Designer of the Crystal Palace
Joseph Paxton was born in Milton Bryan, Bedfordshire on August 3rd 1803. Despite being the seventh son born to a farming family, Joseph chose a different path and became a garden boy when he was fifteen, tending the gardens of Battlesden Park. It did not take long for his skills to become noted and he soon found himself on the path to a long a rewarding career in horticulture and design that would earn him accolades, respect and even a knighthood.
Joseph’s early life and family played an important role in his work.
When Joseph moved to the Chatsworth Estate as a young man he became acquainted with a slightly older women called Sarah Brown who was the niece of the house’s housekeeper. In 1827 the pair married and they would go on to have a long and happy live together, bearing eight children but sadly only raising seven as one of their sons died at a young age. One of Paxton’s daughters, Annie, can be credited with helping to inspire her father because his fascination with the structure of lily-pads was enhanced when he floated his young child upon one and it was this discovery that lead to the design of one of his greatest buildings. Paxton’s devotion to his field never waned during his time as a father and husband and it was the support of his wife that helped his pursue his career.
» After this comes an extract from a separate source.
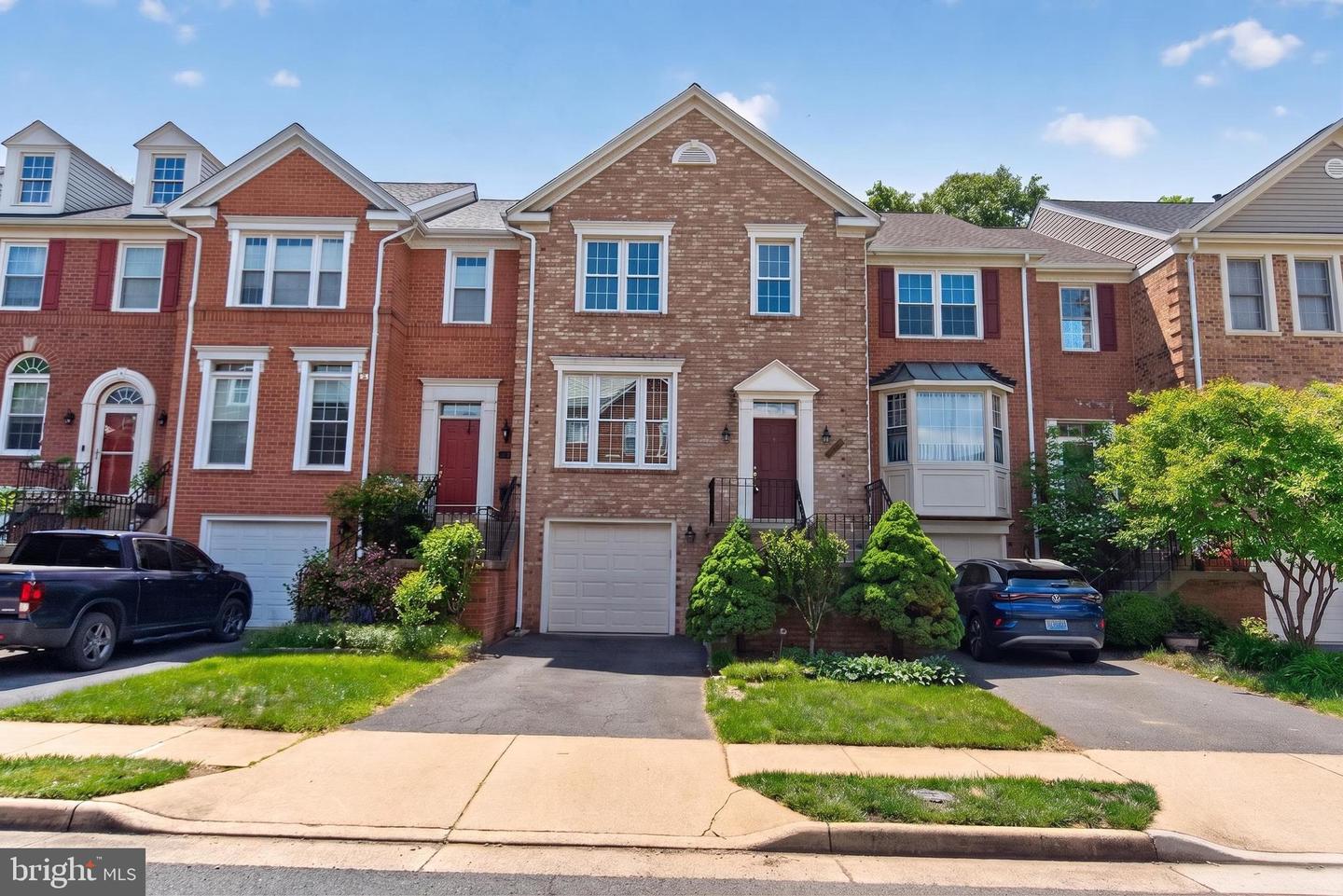 20923 Sandstone Square, Sterling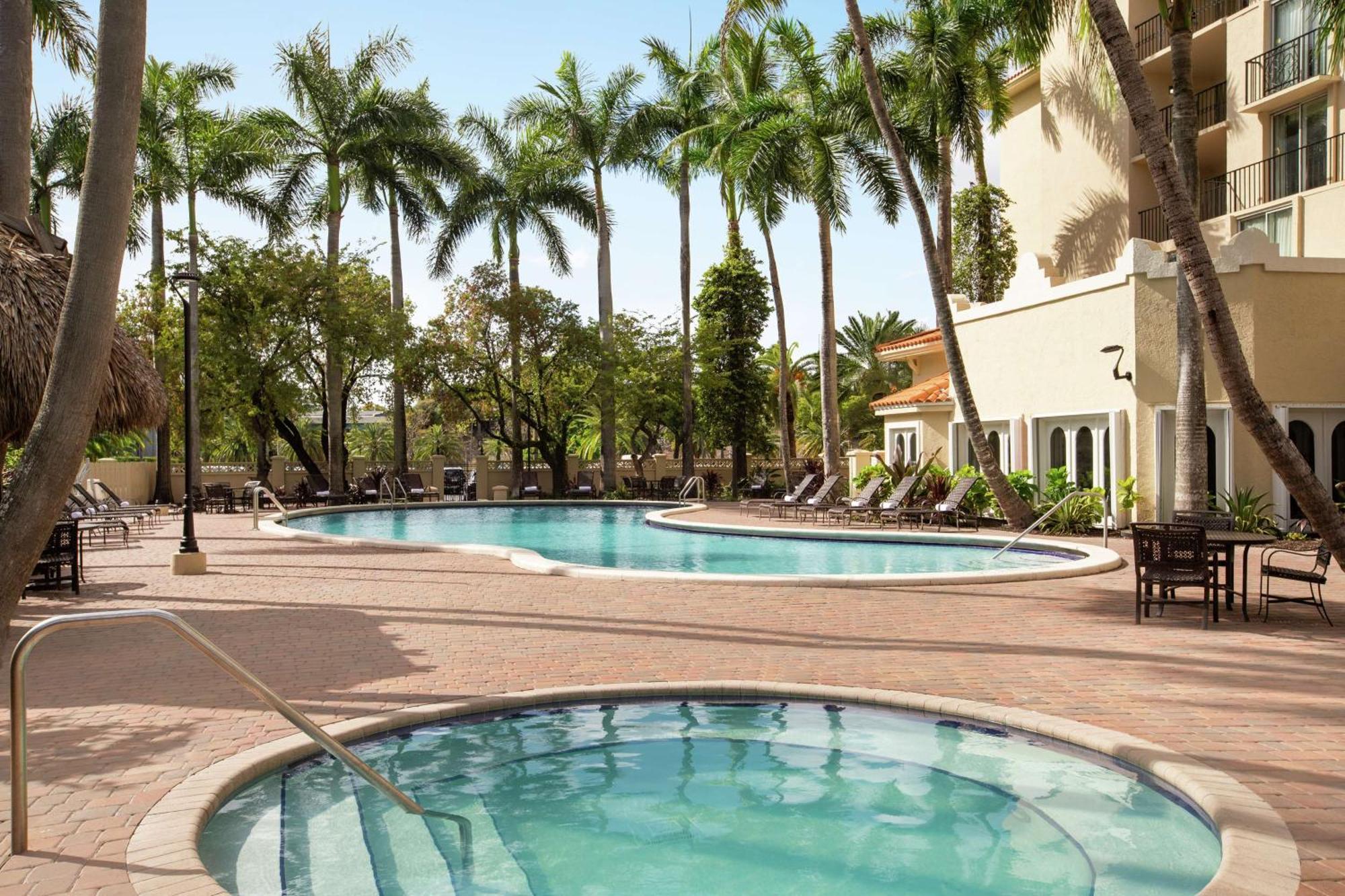 Embassy Suites By Hilton Miami International Airport Εξωτερικό φωτογραφία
The many horticultural achievements of Sir Joseph Paxton.
Gardening was not just a boyhood occupation for Paxton; it was a skill that clear to future employers and a passion that would last his entire life. At just 20 years of age, Joseph was appointed as Head Gardener at Chatsworth after impressing people during his time at the Horticultural Society’s Chiswick Gardens. This was a high honour for someone so young but Paxton quickly proved his worth and showed some impressive skill and imagination with his projects. The most ambitious of these was the Emperor Fountain, a colossal structure that was double the height of Nelson’s Column. With this project it was not a simple case of building a fountain, they also had to remove 100,000 cubic yards of soil to create a lake for it to function and rebuild parts of the village of Edensor.
In addition to his development of the gardens in Chatsworth, where he remained Head Gardener until 1858, Paxton enjoyed success with a number of other horticultural ventures and positions. During his lifetime he give advice on public parks in major cities such as Liverpool and Glasgow, he was appointed as a member of the Kew Commission so that use his expertise to improve the Royal Botanic Gardens and at one point he was even considered for role of Windsor Castle’s Head Gardener. Add to this the numerous magazines and publications he wrote between 1831 and 1850 and his plant-hunting trips and he had an impressive resume – even if two members of a trip to California did not make it back alive.
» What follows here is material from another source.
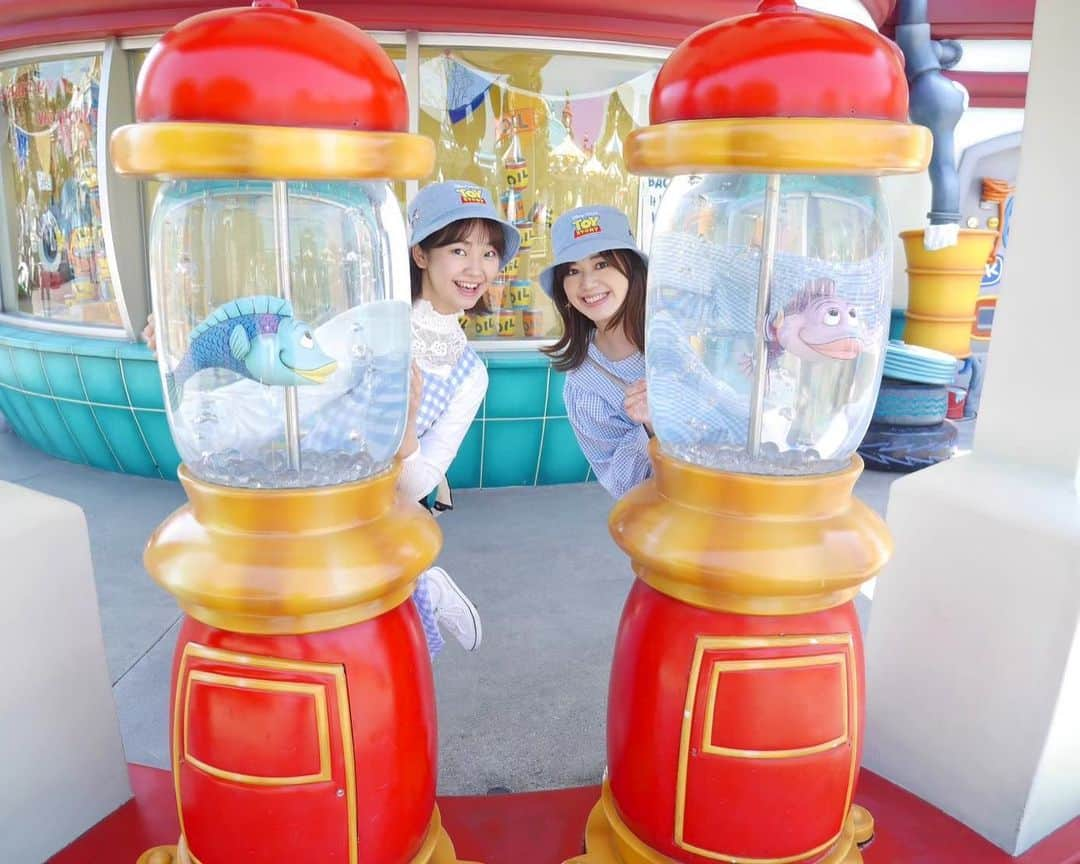 堀有里さんのインスタグラム写真 - (堀有里Instagram)「この写真お気に入り❤️  #TDL #TDR #ディズニーランド　#ディズニー　#楽しい　#toontown #disneyland #disney #ディズニーコーデ #ギンガムチェック　#トイストーリー　#ディズニー写真 #おそろいコーデ #オソロコーデ」5月22日 15時56分 - _horiyuri_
Sir Joseph Paxton’s infamous designs and buildings.
While Paxton was clearly a gardener by trade, and would remain so for the majority of his life, it was his building projects and extraordinary glasshouses that made him famous across the country. His pioneering work into the structure and potential of these houses led to some impressive creations that laid the foundations for greenhouses as we know them today. His first work of art came in 1837 when he created the Great Conservatory in Chatsworth after being inspired by the leaves of the waterlily. This 227ft long structure became the largest glass building in the world, so large in fact that the Queen was driven through it in a carriage on her royal visit. This was followed by the 331ft long Conservative Wall in 1848 and then, in 1851, Paxton designed what is still considered to be his masterpiece – The Crystal Palace. This hall caused some controversy when it housed the Great Exhibition in Hyde Park but the innovation earned Paxton a knighthood, which he received from Queen Victoria that same year.
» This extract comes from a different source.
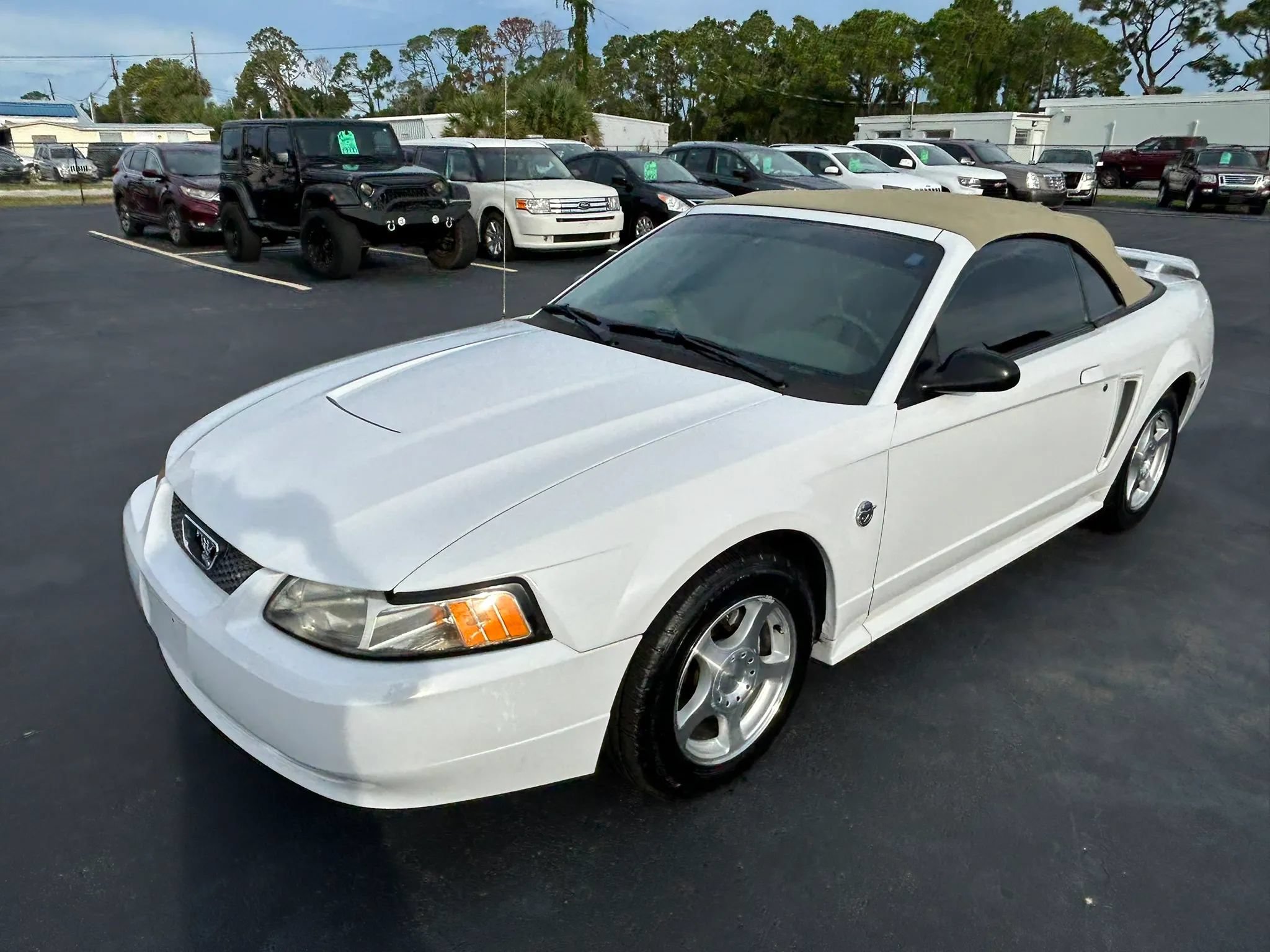 Used 2004 Ford Mustang Convertible RWD image 17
Sir Joseph Paxton’s move into politics.
As Sir Joseph Paxton grew in popularity and reputation he decided upon an unusual career move for someone who retained their Head Gardener position – he became Coventry’s Liberal Member of Parliament. Unlike some public figures, Paxton took his position very seriously, campaigning on a wide range of local and national issues and taking the time to personally visit every voter in his constituency during a by-election. He remained their representative from 1854 until1865 and his most memorable proposal during this time was for the Great Victorian Way, an arcade that was based on Crystal Palace and would create a 10 mile circuit of roads, houses shops and an atmospheric railway around the centre of London.
Death and legacy.
Joseph Paxton remained loyal to his constituents of Coventry for as long as he physically able but was forced to retire due to ill health after eleven years in 1865. Soon after, on June 8th of the same year, Paxton died in Sydenham and his body was taken back to Edensor, the village at Chatsworth that had played such an important role in his imaginative projects and made him the renowned designer the country admired. A few years later, on September 12th 1871, his wife also died and was buried by his side on the estate.
With many of our great designers and architects, their legacy is plain to see for generations to come through the continued use of their buildings and structures. Sadly, in the case of Joseph Paxton there is little physical evidence of his work remaining; the Great Conservatory building and its inhabitants were neglected during WWI and demolished in 1920, the Great Victorian Way was never accomplished and all that remains of the Crystal Palace is a sketch in the Victoria and Albert Museum, the building having been lost to fire in 1936. All is not lost however because Paxton’s influence can be seen in other ways from the renamed area of London where the Palace was rehoused to the modern greenhouse.